Comment 6 Albert Esteve 2022-07-18 10:58:21 UTC
Looking into it.

Comment 7 Albert Esteve 2022-07-20 10:51:34 UTC
I have been able to reproduce the bug. The problem is that the host that is
running the VM only updates the child volume metadata when a volume in a
chain is deleted. The child volume tags are updated only by the SPM,
after the volume is removed.

In between these two events, any operation that retrieves the parent ID for the
child volume will return an outdated UUID. We have a patch posted that should
fix this issue.

Comment 8 Ilia Markelov 2022-08-08 14:31:09 UTC
Do you have better verification flow steps for this bug? The main flow is not 100% reproducible and it's a little unclear from the comments how to reproduce it properly

Comment 9 Albert Esteve 2022-08-08 15:37:33 UTC
I have used this automatic stress test: https://github.com/oVirt/ovirt-stress/tree/master/delete-snapshot-chain
The test was consistently reproducing the issue. It comes with some instructions to set it up and run it.
Please, try it, and if there is any point unclear, you can ping me.

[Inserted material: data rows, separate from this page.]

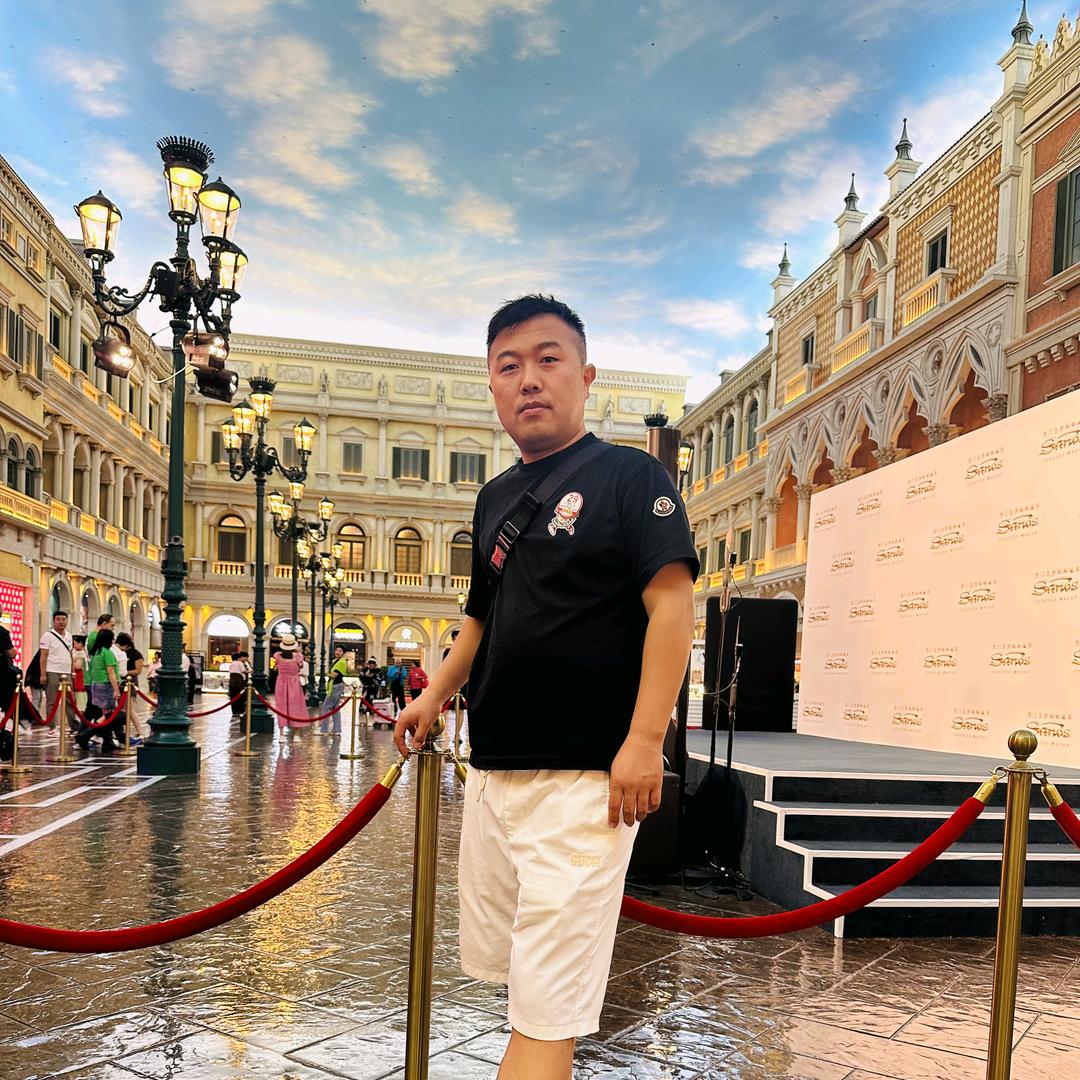 朔州丽媛女士减龄发型-刚子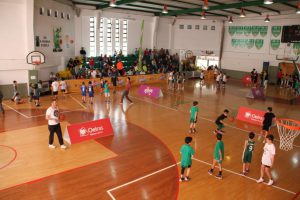 jogos de oeiras crianças a jogar basquetebol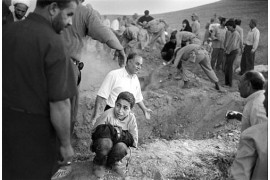 "Zdjęcie roku", fot. Eric Grigorian, Armenia/Iran. Chłopiec opłakuje śmierć ojca w trzęsieniu ziemi przy jego grobie. Qazvin Province, Iran, 23 czerwca.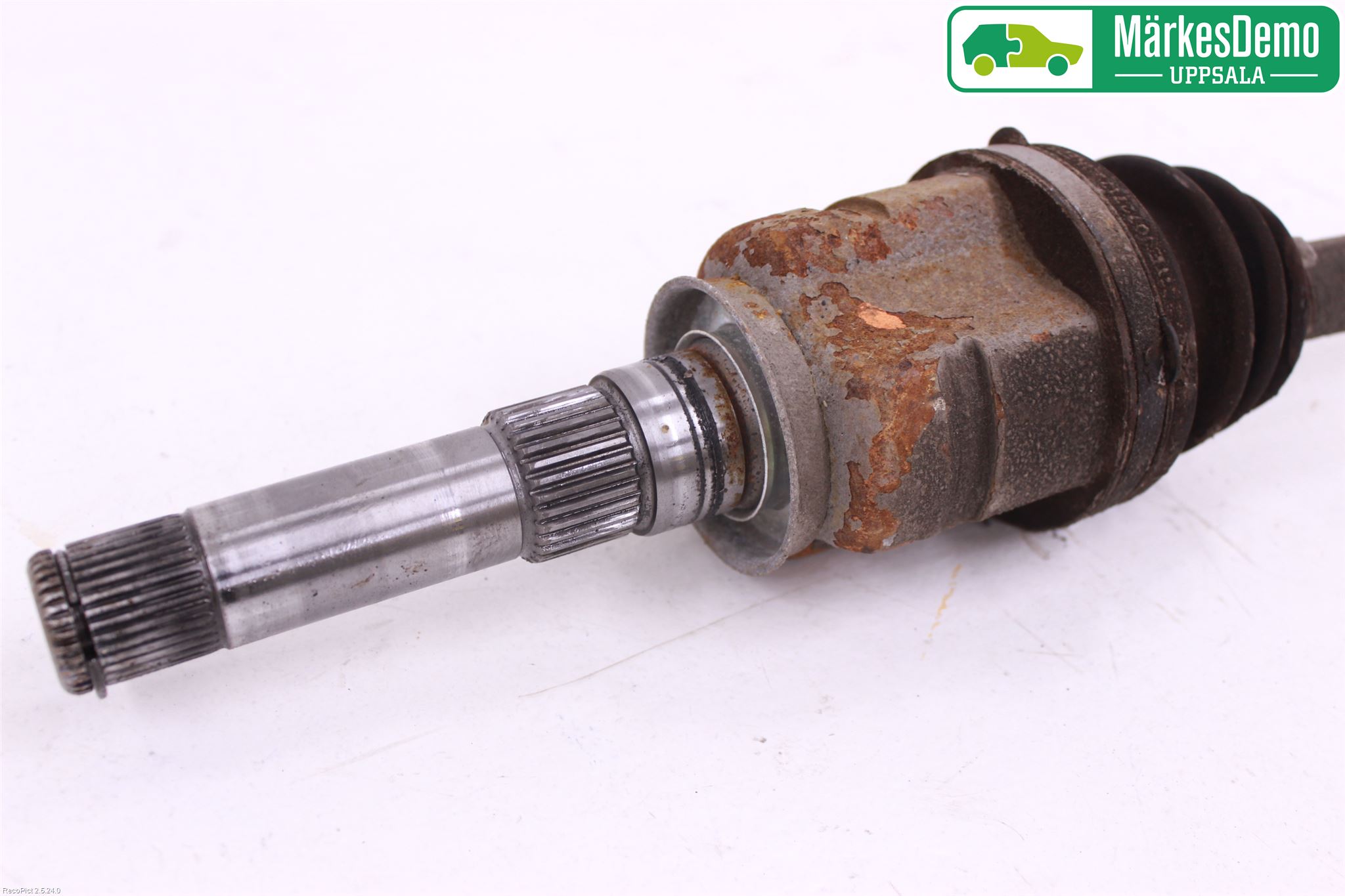Opel INSIGNIA 09-16 Drivaxel Bak Vänster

Comment 10 Ilia Markelov 2022-08-10 07:42:09 UTC
Verified.

Snapshots were removed successfully.

Versions:
engine-4.5.2.1-0.1.el8ev
vdsm-4.50.2.2-1.el8ev.x86_64

Comment 11 Sandro Bonazzola 2022-08-30 08:47:42 UTC
This bugzilla is included in oVirt 4.5.2 release, published on August 10th 2022.
Since the problem described in this bug report should be resolved in oVirt 4.5.2 release, it has been closed with a resolution of CURRENT RELEASE.
If the solution does not work for you, please open a new bug report.